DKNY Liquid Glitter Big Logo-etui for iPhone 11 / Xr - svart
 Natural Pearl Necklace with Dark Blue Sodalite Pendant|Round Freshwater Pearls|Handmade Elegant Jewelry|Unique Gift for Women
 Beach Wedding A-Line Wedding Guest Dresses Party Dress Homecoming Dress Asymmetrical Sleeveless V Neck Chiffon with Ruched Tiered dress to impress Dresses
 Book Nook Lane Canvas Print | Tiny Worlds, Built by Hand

**Your instructions**
Wherever the string "with" appears in the data above, report the whole line.

**Finished exercise**
 Natural Pearl Necklace with Dark Blue Sodalite Pendant|Round Freshwater Pearls|Handmade Elegant Jewelry|Unique Gift for Women
 Beach Wedding A-Line Wedding Guest Dresses Party Dress Homecoming Dress Asymmetrical Sleeveless V Neck Chiffon with Ruched Tiered dress to impress Dresses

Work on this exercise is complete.